Autre exemple : la Commission européenne estime que le coût de la lutte contre les gaz à effet de serre sera de 80 milliards d’euros par an (environ 110 milliards de dollars) dans les pays de l’Union, et d’une vingtaine de milliards au Canada. L’industrie pétrolière est aussi très lourdement subventionnée: en 2010 elle a reçu pas moins de 500milliards de dollars de fonds publics de par le monde.

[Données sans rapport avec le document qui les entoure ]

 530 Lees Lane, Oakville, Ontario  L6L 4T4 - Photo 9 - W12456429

À ces dépenses s’ajoutent celles liées aux impacts de la pollution pétrolière sur la santé des populations et des écosystèmes, la réhabilitation des sites d’exploitation… Autant de frais plus ou indirectement endossés par tous. Mis bout à bout, ces coûts doubleraient au moins le prix de l’essence à la pompe s’ils étaient reportés sur les consommateurs finaux, estime l’IAGS.
Cercle très vicieux
Le pétrole est devenu une ressource inestimable. Mais parce qu’il est si accessible, nous le brûlons dans nos tondeuses à gazon. Son prix modique est une incitation à en consommer toujours plus, et un frein au développement d’autres énergies et de matières premières. En Europe occidentale, où le tarif de l’essence est moins déconnecté de la réalité – un litre y coûte environ un dollar de plus qu’ici – la consommation du parc automobile, 7 litres aux 100 km, est environ deux fois plus faible qu’en Amérique du Nord. Le transport en commun, notamment électrique, y est beaucoup plus développé.

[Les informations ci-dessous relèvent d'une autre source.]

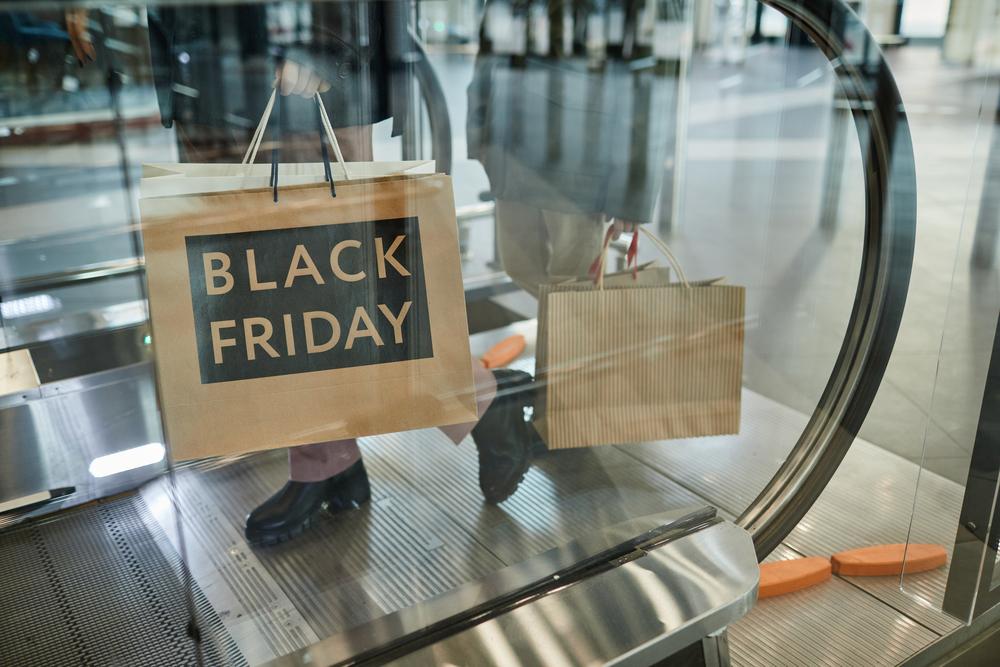 Foto de una bolsa que dice dice Black Friday junto a un accesorio sobre una mesa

Brader cette ressource hâte donc l’avènement d’une pénurie énergétique aux conséquences catastrophiques. Dans l’intervalle, l’augmentation de la consommation d’énergie fossile induite par le pétrole pas cher intensifie encore les tensions géopolitiques entre pays producteurs et importateurs, les impacts sur des populations et des milieux naturels déjà largement mis à mal, augmente la pollution, l’emprise des routes ou encore les embouteillages… la liste est sans fin.
Pourquoi alors ne pas augmenter les prix de l’essence ? Parce que les gouvernements sont en quelque sorte pris au piège. La dépendance aux produits pétroliers est si forte que toute variation brutale de son prix a des répercussions profondes sur la croissance économique. Et jusqu’à présent, aucun parti au pouvoir n’est prêt à prendre le risque politique de remettre en question l’abondance et le gaspillage de ressources sur lesquelles repose le modèle occidental.
« Le mode de vie américain n’est pas négociable » a déclaré en 1992 George Bush père à l’ouverture des travaux de la Conférence de Rio sur le développement durable. Le problème, c’est que la nature ne négocie pas non plus.
Un beau désastre
Jusqu’au 8 janvier 2012, le Musée Mccord accueille à Montréal Oil, une exposition des clichés du photographe torontois edward Burtynsky, qui illustrent le gigantisme et l’omniprésence du pétrole dans nos vies.
L’oeuvre d’edward Burtynsky, qui montre essentiellement les changements induits par les activités humaines, a été le sujet d’un documentaire canadien très remarqué en 2006, Manufatured Landscapes.